I understand with a router you need to control the speed while using different size bits on wood and how hard the wood is but not so sure when cutting wood on a BS.

When you buy different blades do they recommend what speed to run them at depending on the species of wood?

Thanks for the replies to date I really appreciate the input and comments.


----------



## curiousgeorge (Nov 6, 2006)

TRN_Diesel said:


> I understand with a router you need to control the speed while using different size bits on wood and how hard the wood is but not so sure when cutting wood on a BS.
> 
> When you buy different blades do they recommend what speed to run them at depending on the species of wood?
> 
> Thanks for the replies to date I really appreciate the input and comments.


Dan,
The different speeds have to do with the type of blade (tooth rake, blade size, etc.) and density of wood you are using and the ability of the blade to clear the saw dust from the cut.
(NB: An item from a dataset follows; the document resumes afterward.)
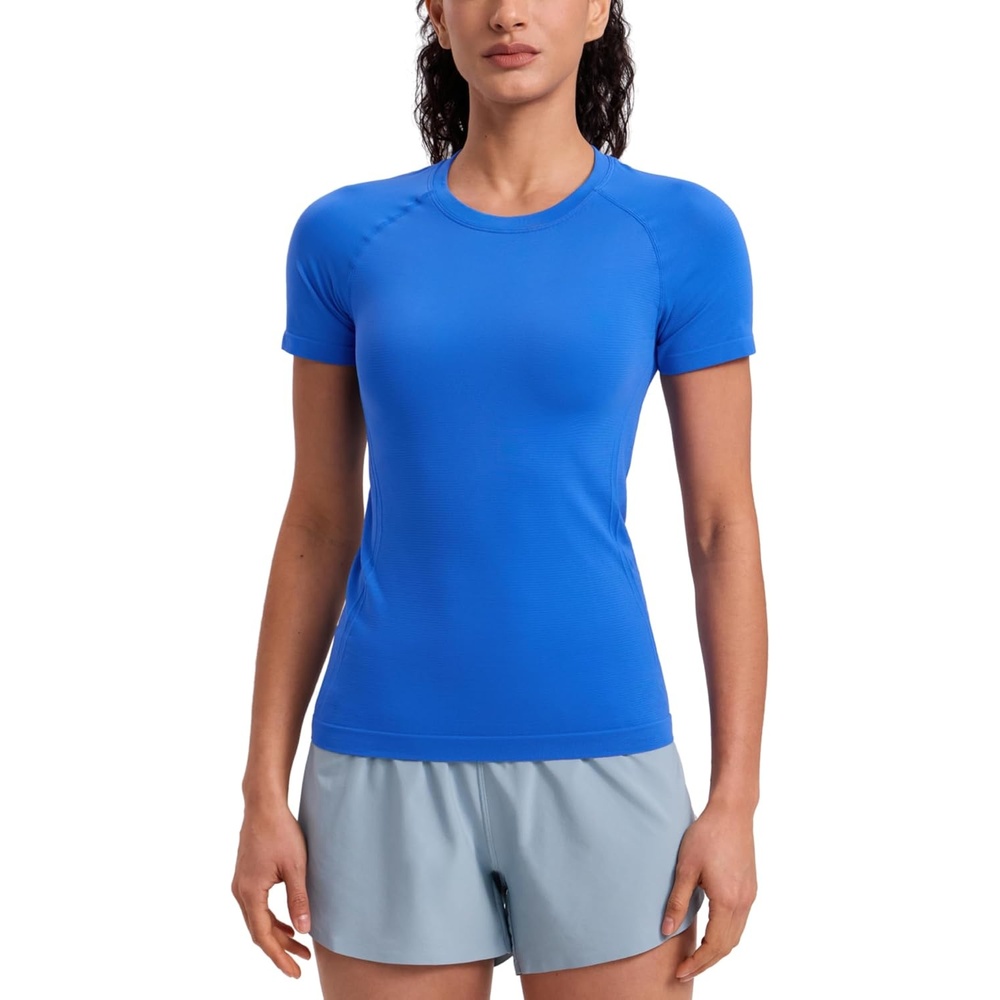 image:imageCRZ YOGA Seamless Workout Tops for Women Hip Length  Athletic Running Gym Yoga Short Sleeve Shirts Breathable Crewneck TeesSparkle Blue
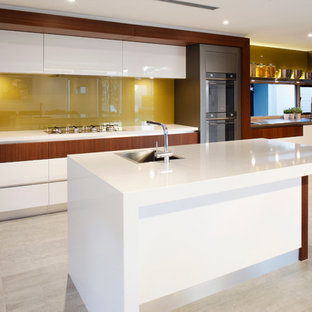 Contemporary kitchen pantry ideas - Example of a trendy galley ceramic floor kitchen pantry design in Perth with a drop-in sink, flat-panel cabinets, white cabinets, quartz countertops, green backsplash, glass sheet backsplash, stainless steel appliances and an island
If the blade can't clear the cut it will either bog down, not cut straight, not cut well, overheat and break or all of the above. For instance; if you notice the blade is having a hard time cutting while re-sawing, you may try a different speed and it will improve the cut or stop the blade from wandering. There is a reason for variable speed on a band saw for cutting wood and not just cutting metal. I have yet to see a "speed chart" for the band saw. It is more of what works best for you at that particular situation at that particular time. You just have to experiment and find out what works best and when. Pretty much the same as with a router.

Here is a podcast you may want to look at ...
Podcast #22: Buying & Getting the Most Out of Your Band Saw — Woodworking Online

As in all power tools, there is more to it than just putting it together and turning it on.


----------



## Mike Gager (Jan 14, 2009)

i cant imagine the need for different speeds but i dont have that much experience using one

does the variable speed slow things down real low? i know cutting metal you want slow speeds so maybe really dense wood would need slow speeds as well?


----------



## bobj3 (Jan 17, 2006)

Hi Dan

It looks like you are a very handy guy, why not buy a tool that will do more than one type job,for the price difference you would money a head of the game of tools..my Bud had one and it would cut anything he want to cut with it..every time I picked up a hack saw/cut off tool I would recall his band saw and wish I had one.. 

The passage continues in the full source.